BEGIN Dataset extract
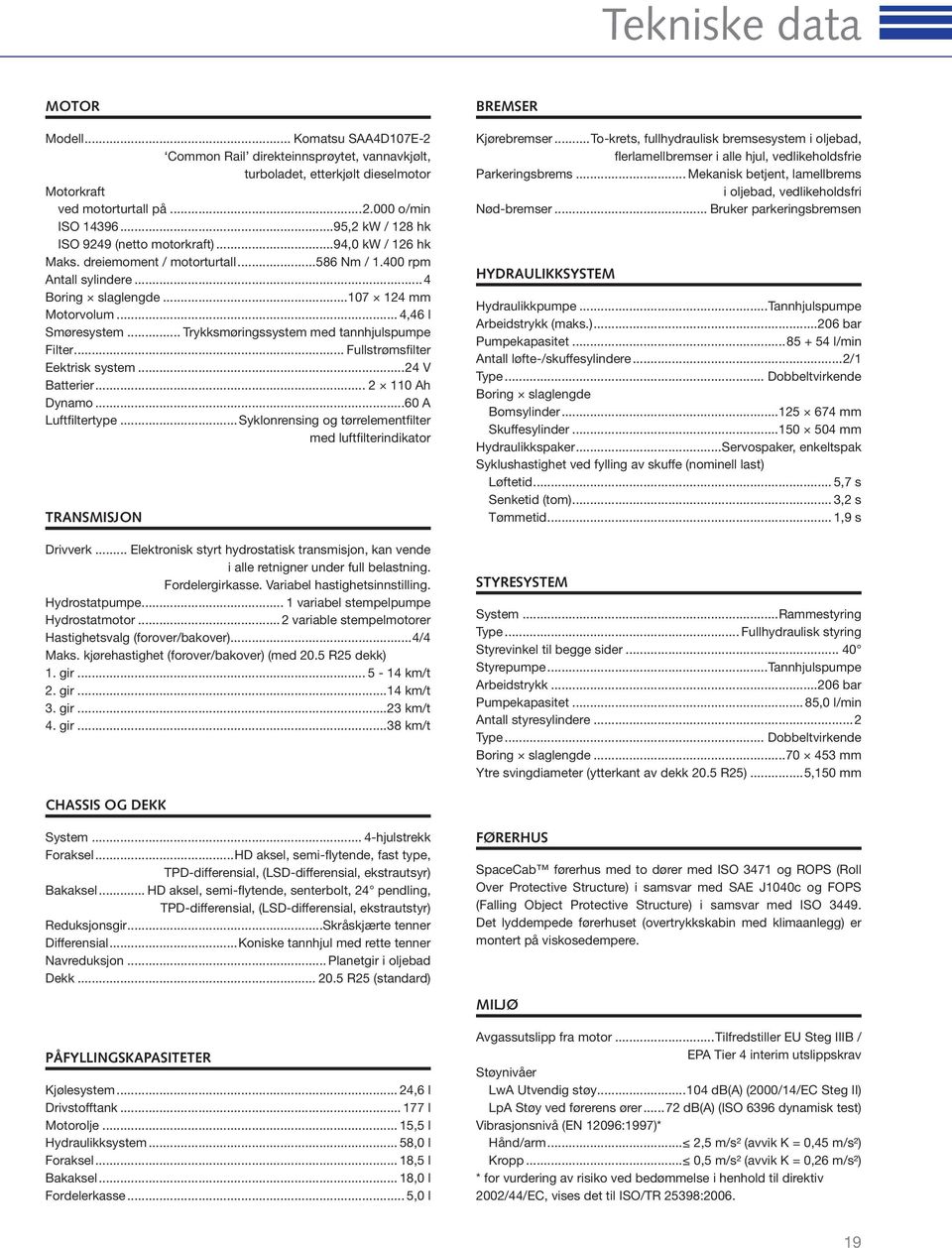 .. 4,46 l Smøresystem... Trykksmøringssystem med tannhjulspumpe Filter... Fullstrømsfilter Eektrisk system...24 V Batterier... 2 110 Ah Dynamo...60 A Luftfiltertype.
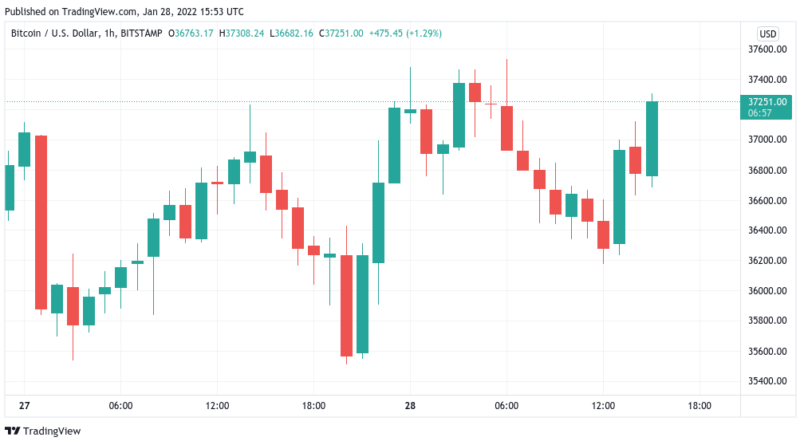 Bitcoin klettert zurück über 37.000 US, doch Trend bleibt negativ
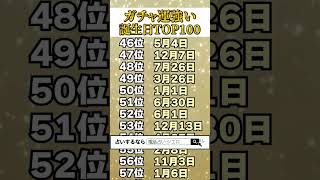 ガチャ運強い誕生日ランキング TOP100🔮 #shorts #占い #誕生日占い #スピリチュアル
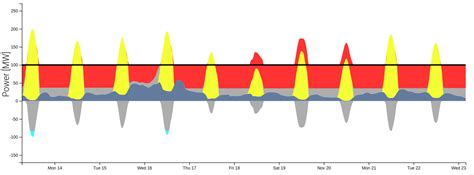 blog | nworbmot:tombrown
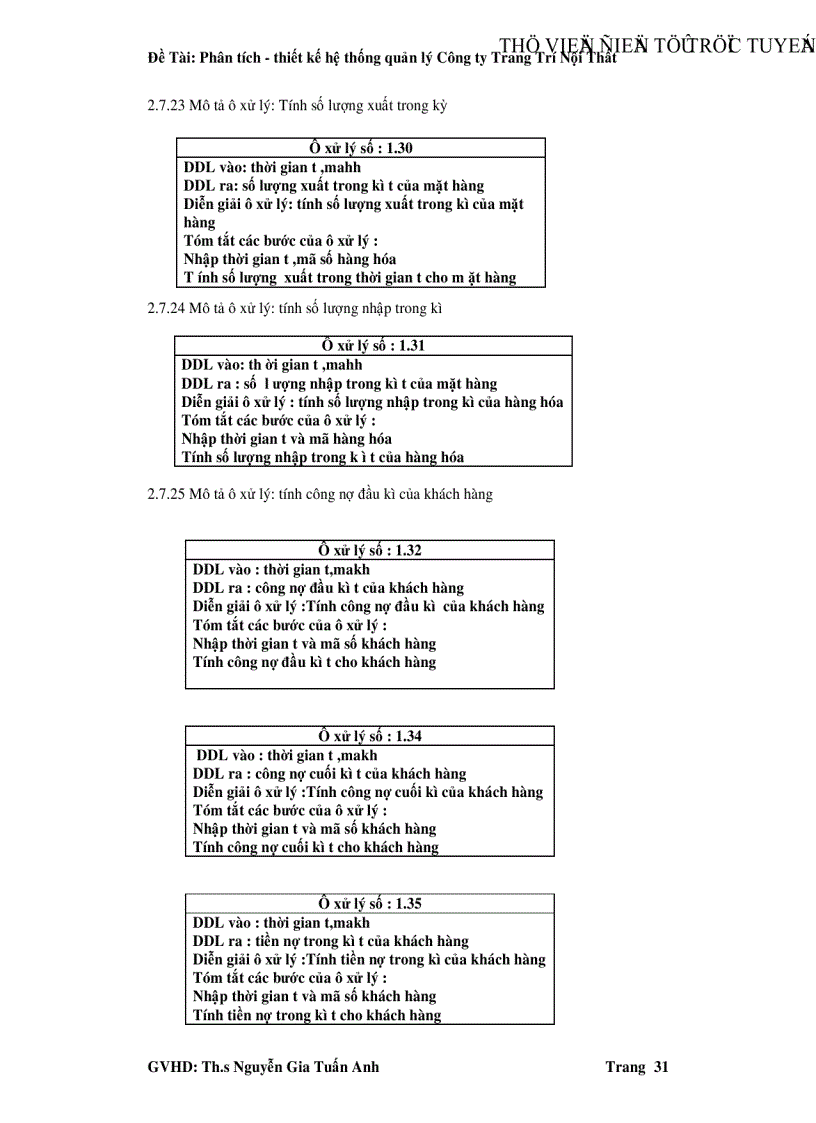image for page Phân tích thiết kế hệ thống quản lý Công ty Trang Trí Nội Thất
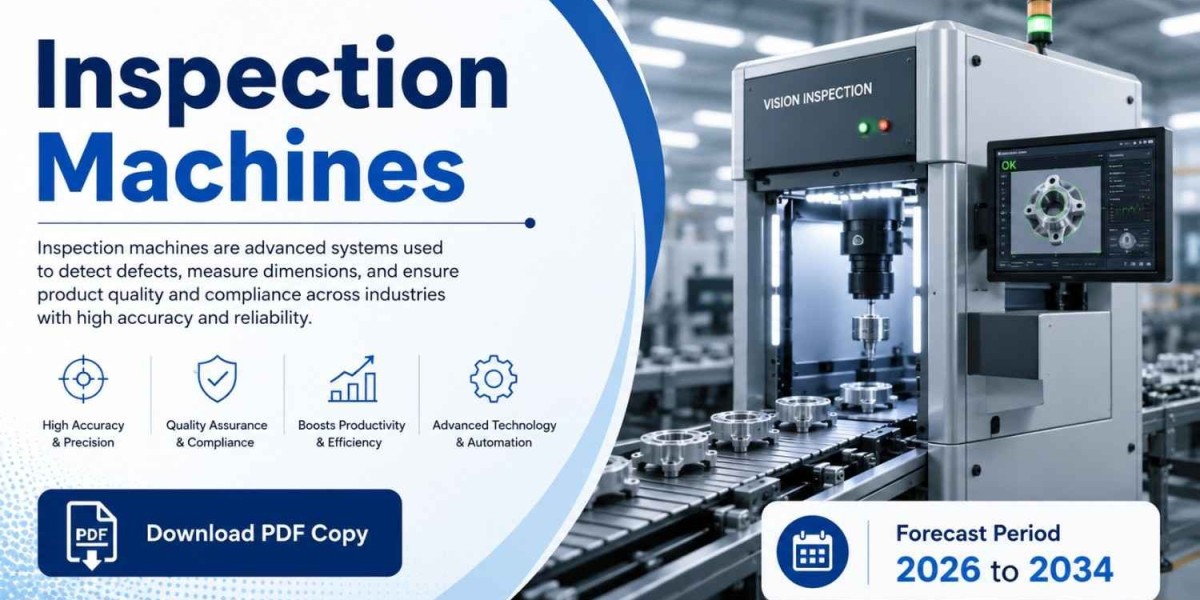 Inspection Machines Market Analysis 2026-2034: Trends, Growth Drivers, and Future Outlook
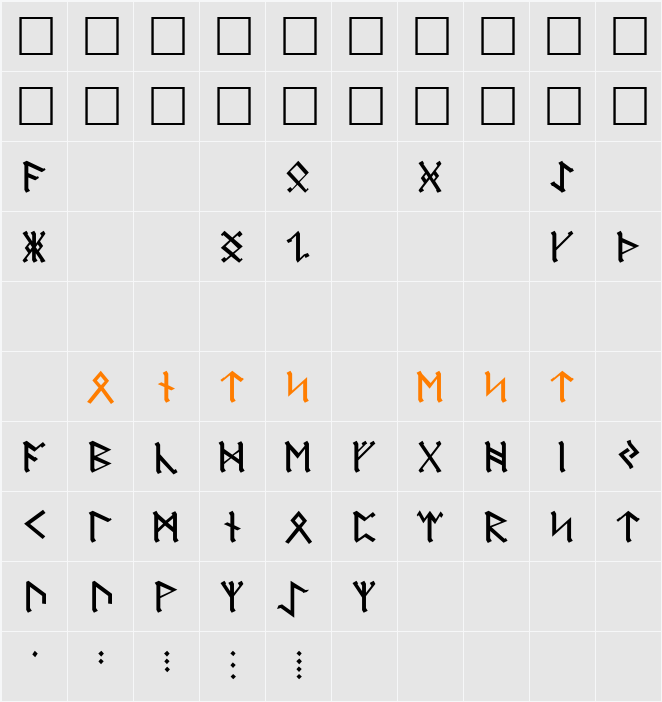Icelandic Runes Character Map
END Dataset extract
BEGIN Dataset extract
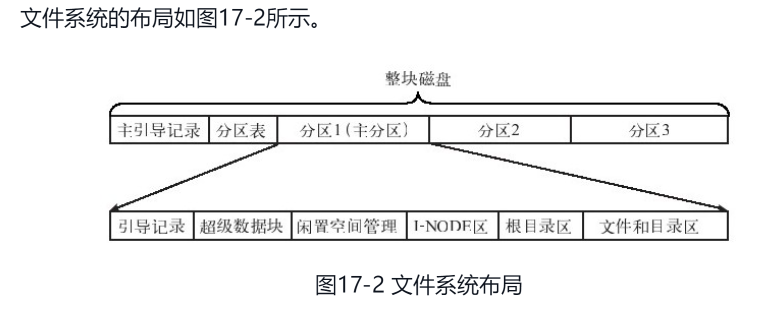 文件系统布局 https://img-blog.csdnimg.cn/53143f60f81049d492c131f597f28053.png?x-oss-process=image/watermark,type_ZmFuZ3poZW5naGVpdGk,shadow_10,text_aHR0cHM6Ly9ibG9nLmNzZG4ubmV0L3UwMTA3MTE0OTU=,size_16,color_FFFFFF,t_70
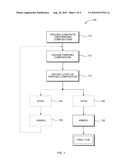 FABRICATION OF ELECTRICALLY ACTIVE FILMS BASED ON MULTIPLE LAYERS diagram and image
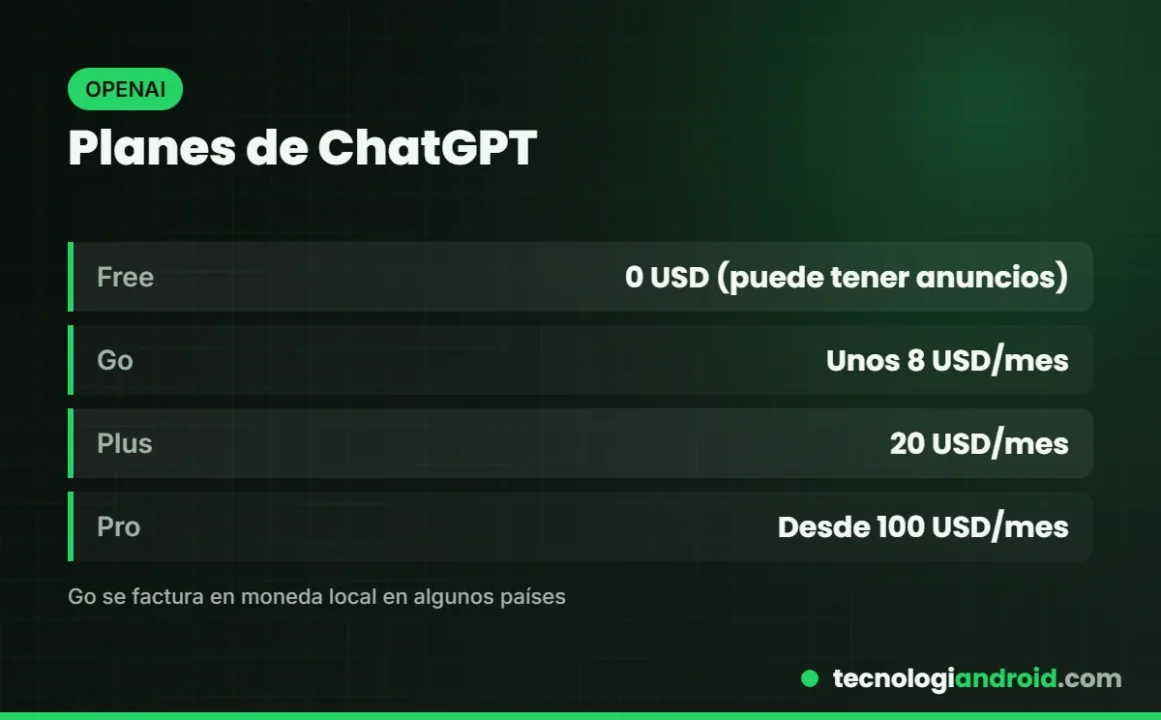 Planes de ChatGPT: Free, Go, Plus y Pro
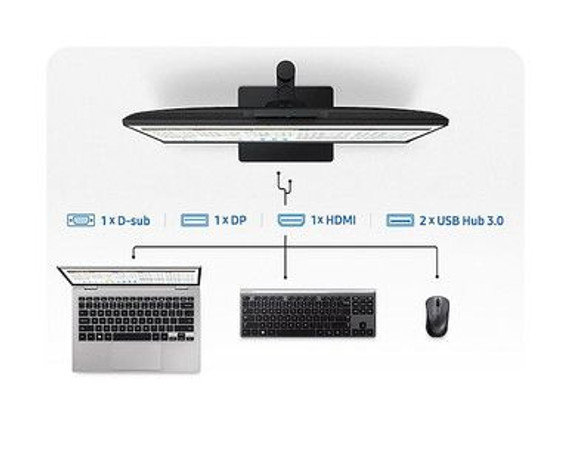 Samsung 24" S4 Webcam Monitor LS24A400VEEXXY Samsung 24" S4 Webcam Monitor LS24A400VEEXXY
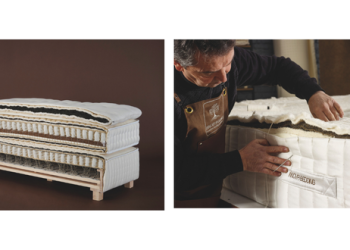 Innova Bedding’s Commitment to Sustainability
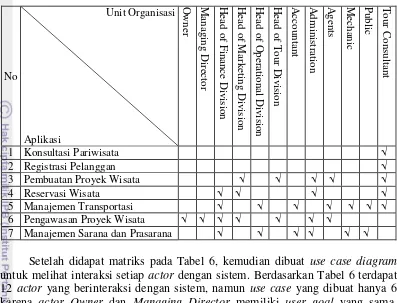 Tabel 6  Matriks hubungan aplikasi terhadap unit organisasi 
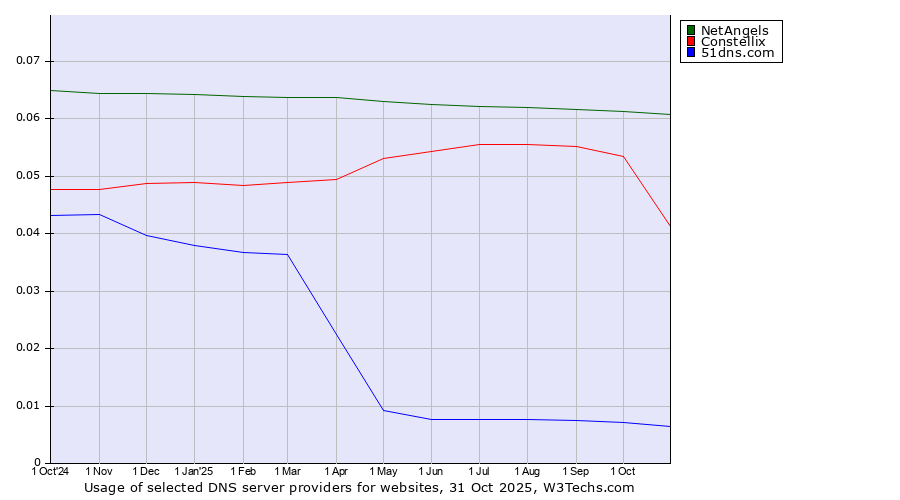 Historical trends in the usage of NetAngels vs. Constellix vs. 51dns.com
END Dataset extract
» **Activity**
Starting at the line containing "文件系统布局 https:/" and finishing at the line containing "Historical trends in", return those lines exactly as they appear above, without the pictures.

» **Completed task**
 文件系统布局 https://img-blog.csdnimg.cn/53143f60f81049d492c131f597f28053.png?x-oss-process=image/watermark,type_ZmFuZ3poZW5naGVpdGk,shadow_10,text_aHR0cHM6Ly9ibG9nLmNzZG4ubmV0L3UwMTA3MTE0OTU=,size_16,color_FFFFFF,t_70
 FABRICATION OF ELECTRICALLY ACTIVE FILMS BASED ON MULTIPLE LAYERS diagram and image
 Planes de ChatGPT: Free, Go, Plus y Pro
 Samsung 24" S4 Webcam Monitor LS24A400VEEXXY Samsung 24" S4 Webcam Monitor LS24A400VEEXXY
 Innova Bedding’s Commitment to Sustainability
 Tabel 6  Matriks hubungan aplikasi terhadap unit organisasi 
 Historical trends in the usage of NetAngels vs. Constellix vs. 51dns.com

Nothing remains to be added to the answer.